Seeing potential for growth in Latin American markets where economies were improving — and recognizing that South Florida was growing faster than other U.S. gateway cities — the company in 2012 “made an explicit decision to grow it much more strategically and proactively,” Clark said.
The result: “Fort Lauderdale 100,” a goal to grow to roughly 100 flights a day by 2017. This year, the airline will fly an average of 69 flights a day, peaking in the coming winter at nearly 90.
Clark said the plan has been going better than expected: “If we branded it today, it would probably be something like ‘Fort Lauderdale 125’ or higher.”
JetBlue is pursuing its growth plan as Fort Lauderdale-Hollywood International Airport moves forward on a $2.3 billion expansion that already saw the opening of a second runway last year.

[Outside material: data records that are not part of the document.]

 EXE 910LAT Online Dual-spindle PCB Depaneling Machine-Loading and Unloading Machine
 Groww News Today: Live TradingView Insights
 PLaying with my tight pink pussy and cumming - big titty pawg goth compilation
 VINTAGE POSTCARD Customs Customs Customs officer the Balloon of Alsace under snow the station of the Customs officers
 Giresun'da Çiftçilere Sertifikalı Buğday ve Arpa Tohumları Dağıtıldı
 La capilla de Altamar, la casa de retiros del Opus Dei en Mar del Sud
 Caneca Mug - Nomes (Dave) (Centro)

Concession upgrades and a rebuilding of Terminal 4 to accommodate more international flights are in the works, expected to be finished by 2017.
“What we’re kind of excited about is the growth is going to come at a time when those projects are going to be nearing completion,” said Jason Annunziata, JetBlue’s director at FLL. “We’re hitting the stride at the right time.”

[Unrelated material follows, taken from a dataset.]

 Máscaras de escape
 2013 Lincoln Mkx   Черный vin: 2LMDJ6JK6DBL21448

Broward County aviation director Kent George said that the airline’s growth is “extremely good news” for the community, which has responded well to JetBlue’s offerings.

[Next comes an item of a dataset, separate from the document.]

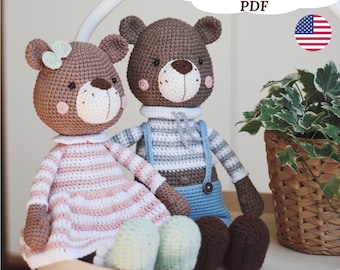 Crochet Pattern Bear Pattern Amigurumi Bear Family Tutorial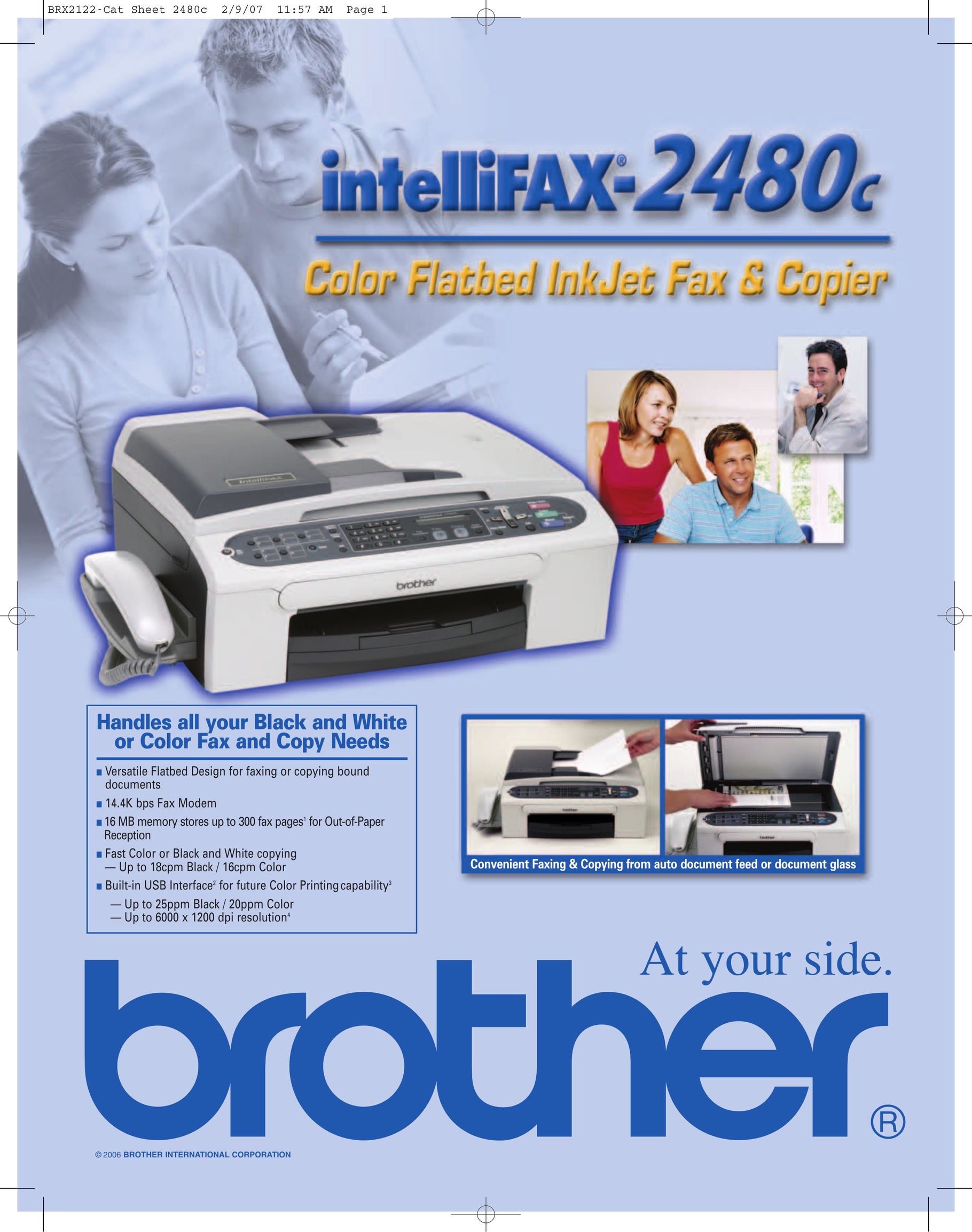 Brother 2480C All in One Printer User Manual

“They’re a wonderful carrier,” he said. “They provide a wonderful product and they’ve really filled a niche in the community with great service — and that service includes customer service too.”
But George said the growth also presents challenges for the space-constrained airport.
“So what we do is we work with them in the phasing of their flights to be able to accommodate their needs,” he said. “And honestly, I believe that if we had the gates tomorrow, they’d put in more flights tomorrow.”
Annunziata said some difficulties with long lines at security and at customs have already been addressed through new processes such as automated passport control kiosks for passengers arriving internationally and the inclusion of more travelers in expedited security lines.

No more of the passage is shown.